How the runtime knows an error is retryable

The SDK does not infer retryability from tool names, HTTP methods, response codes, or exception messages.

A failure is retryable by default only when connector code explicitly throws RetryableError.

That keeps the semantic decision at the connector boundary, where the implementation actually understands the protocol.
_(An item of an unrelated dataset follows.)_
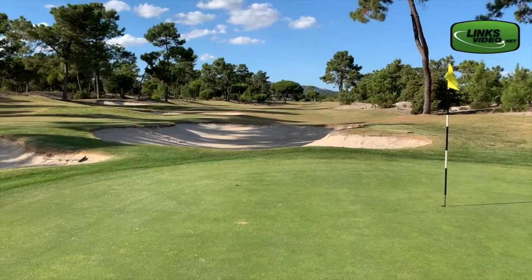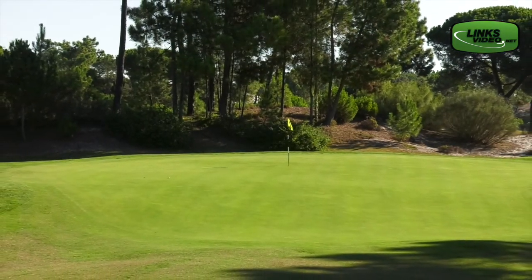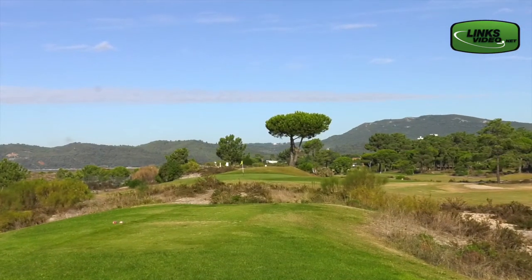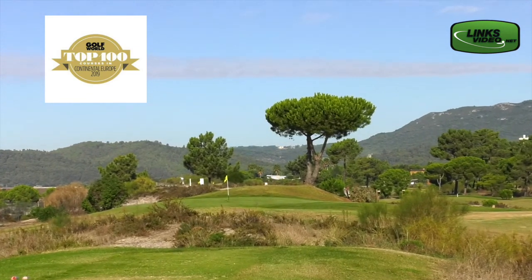Does it play like a true links course — firm and fast, does the ball run? The ball does run, although the fairways are in Bermuda grass so it stops a little bit. You have six greens with bunkers in front, so you cannot play those as a links, although the greens are quite firm. But you have 12 greens where you can run the ball in. The wind is a big element here — if you get a windy day, you have to play it as a links course.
For example, a connector may know that a server explicitly rejected a request and asked the client to retry, but the generic Code Mode runtime cannot safely infer that from the outside.

Normal errors remain terminal unless the application opts into a custom retry policy.

Durable retry behavior

Retries happen inside the same Code Mode execution:

  • The execution ID stays stable.
  • Calls already recorded as applied are replayed from the durable log.
  • The failed boundary is re-executed.
  • Later calls are not run until the failed boundary succeeds.
  • If retries are exhausted, the execution becomes error and the durable log is preserved for audit/debugging.
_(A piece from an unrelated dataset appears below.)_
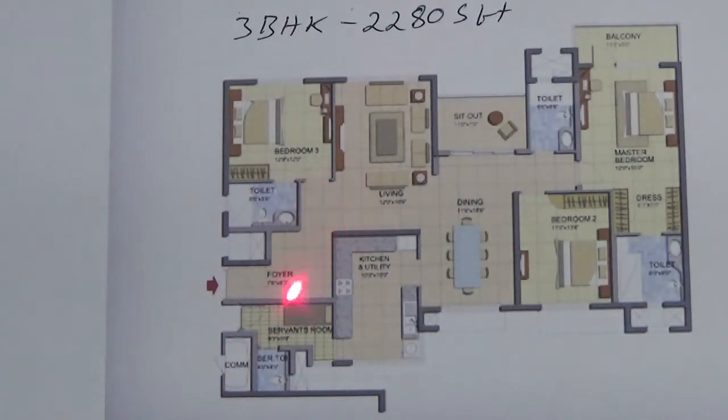This is your foyer. Once you enter, you get a living area over here. You have got a separate dining area over here. Here is one bedroom with an attached toilet. Once you move, you get a sit-out over here. You get a bedroom over here that doesn't have any attached toilet. Here you have a separate toilet. At the corner, you get a master bedroom with an attached balcony and attached toilet.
For example, if this code runs:

await api.first();
await api.flaky();
await api.after();

and api.flaky() throws RetryableError once, the runtime behaves as follows:

  1. first runs and is logged.
  2. flaky fails with RetryableError.
  3. The next attempt replays first from the log.
  4. flaky runs again.
  5. after runs only after flaky succeeds.

What happens on execution timeout

Executor timeouts are surfaced as structured failures, but they are not retried by default.
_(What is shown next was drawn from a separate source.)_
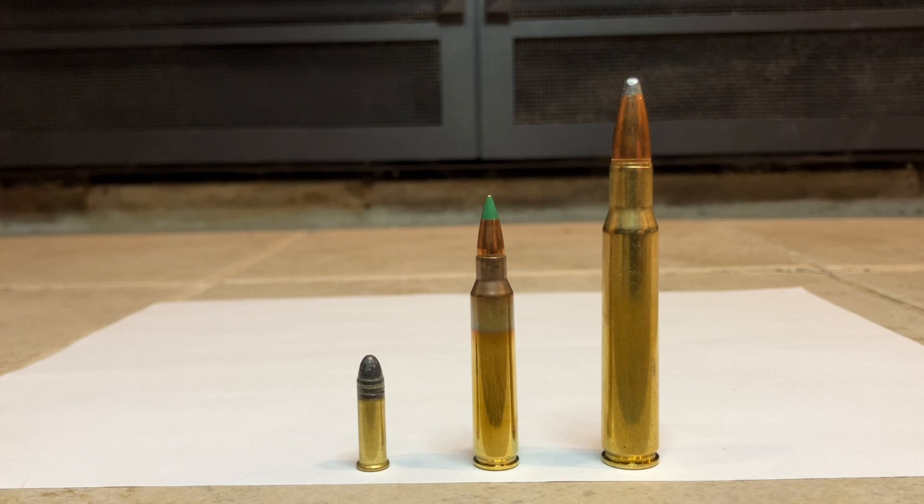It's worth noting that in this video I'm talking about bullets, not cartridges. Pictured here are cartridges: .22 long rifle, .556 NATO, and .30-06. In the case of these three, the larger cartridge is more powerful, and that's generally the case as well. The larger the brass casing, the more powder is fit inside, and hence a higher power.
Timeouts are ambiguous: the sandbox stopped waiting, but the runtime cannot prove whether an in-flight connector operation committed externally. Retrying a timed-out write automatically could duplicate side effects.

Applications that know a timeout is safe may opt into retrying it with a custom retry policy, but the SDK default remains conservative.

To make timeout/custom-retry behavior safe, this PR adds durable attempt fencing:

  • Every connector decision/result is tied to an execution attempt.
  • The runtime only records results for the currently active attempt.
  • Late results from a timed-out or superseded pass are atomically rejected.
  • A stale sandbox cannot corrupt the replay log or overwrite the final result.

Cooperative cancellation

Connector execute contexts now include an optional pass-scoped AbortSignal:

execute: async (args, ctx) => {
  return fetch(url, { signal: ctx?.signal });
}

The runtime aborts the signal when a pass completes, pauses, errors, times out, or moves to a retry. This lets connectors cancel in-flight work from old passes before the runtime continues.

Cancellation is cooperative only. It reduces overlap and wasted work, but it does not prove that a remote write was rolled back or never committed. Timeout retry policy remains conservative for that reason.

Storage changes

Adds a durable attempts store/table used to fence retries by execution attempt.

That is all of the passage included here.